Numa Europa cultural viciada em muitos preconceitos anti-americanos, o 66º Festival de Cannes não deixou de atrair novas versões de velhos lugares-comuns contra Steven Spielberg, este ano presidente do júri. Com uma ironia mais ou menos habilidosa, sugeriu-se que, afinal, o autor de A Lista de Schindler teria vindo à Côte d’Azur para, de uma maneira ou de outra, tratar dos seus “negócios”. Nada de novo: em 1975, defender um filme chamado Tubarão dava direito a ser acusado de perigosa aliança com o “imperialismo” (este ano, hélas!, Tubarão foi um dos clássicos exibidos nas sessões de cinema ao ar livre, na praia Macé).
Acontece que, com a cumplicidade dos seus magníficos colegas de júri, Spielberg rubricou uma belíssima prova de amor cinéfilo: por um lado, definindo um palmarés que espelha a fascinante pluralidade da selecção oficial (ficaram grandes filmes de fora, mas era inevitável); por outro lado, através da Palma de Ouro para La Vie d’Adèle, consagrando um objecto que, ao abordar uma história de amor entre duas mulheres, não vacila perante o rigor de um realismo muito francês cuja modernidade persiste.

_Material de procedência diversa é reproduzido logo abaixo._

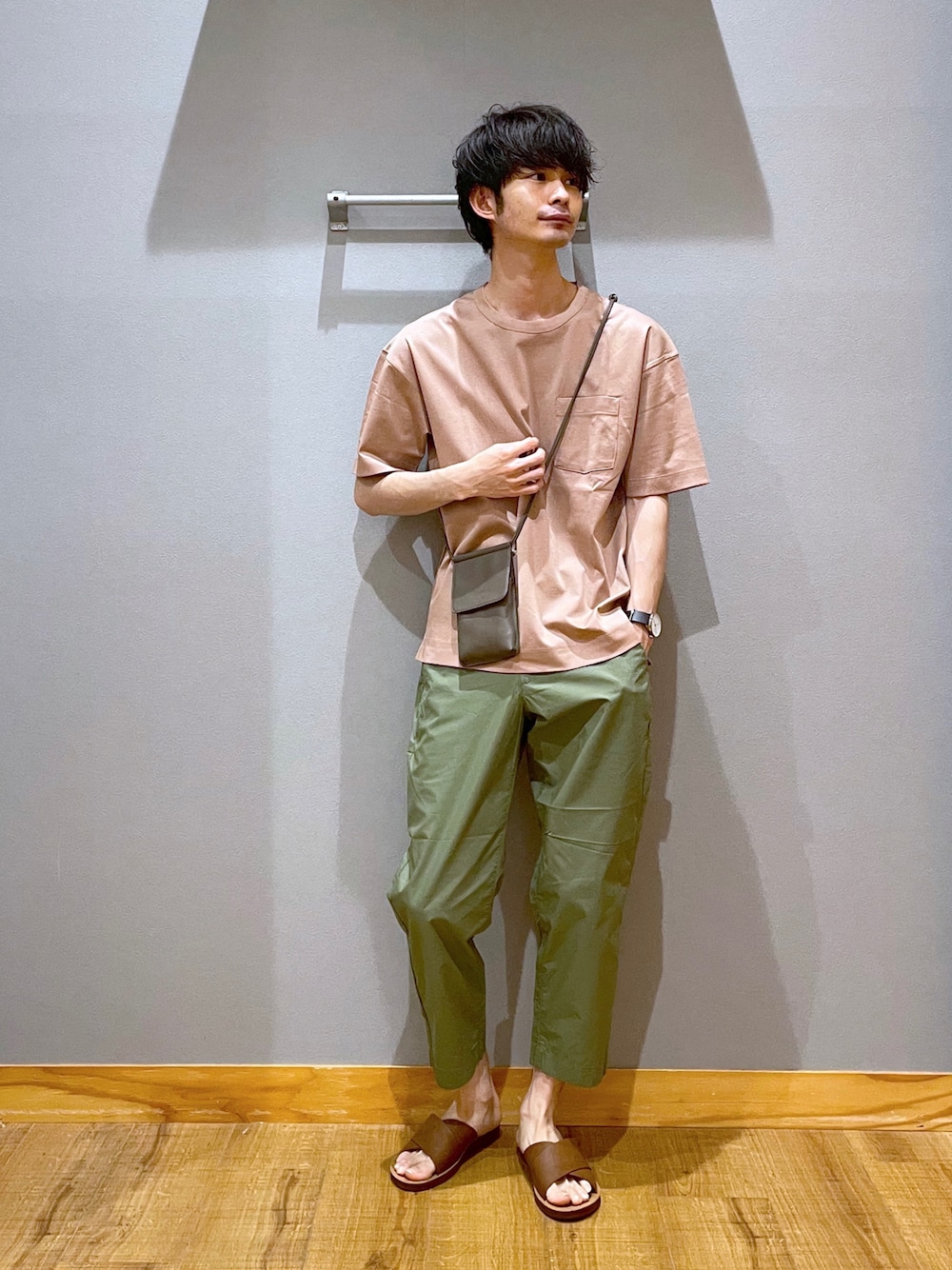 グリーン系のその他パンツ、ブラウン系のサンダル、グレー系のショルダーバッグを着用したメンズの夏コーディネートの1枚目の写真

Daí que Spielberg tenha dito que a Palma ia, não para o realizador (tradicional consagrado), mas para “três artistas”: Kechiche e as suas duas admiráveis actrizes, Adèle Exarchopoulos e Léa Seydoux. Kechiche recordou, aliás, que este filme o levou descobrir uma juventude que quer e sabe “viver livremente, exprimir-se livremente e amar livremente”.
Como duas figuras angelicais, Adèle e Léa levam-nos a lidar com as máscaras que a sexualidade sempre envolve. Ou seja: numa Europa que todos os dias tolera a violência pornográfica do Big Brother e seus derivados, foi um cineasta de um pudor muito americano que nos veio ajudar a repensar a ética dos nossos olhares.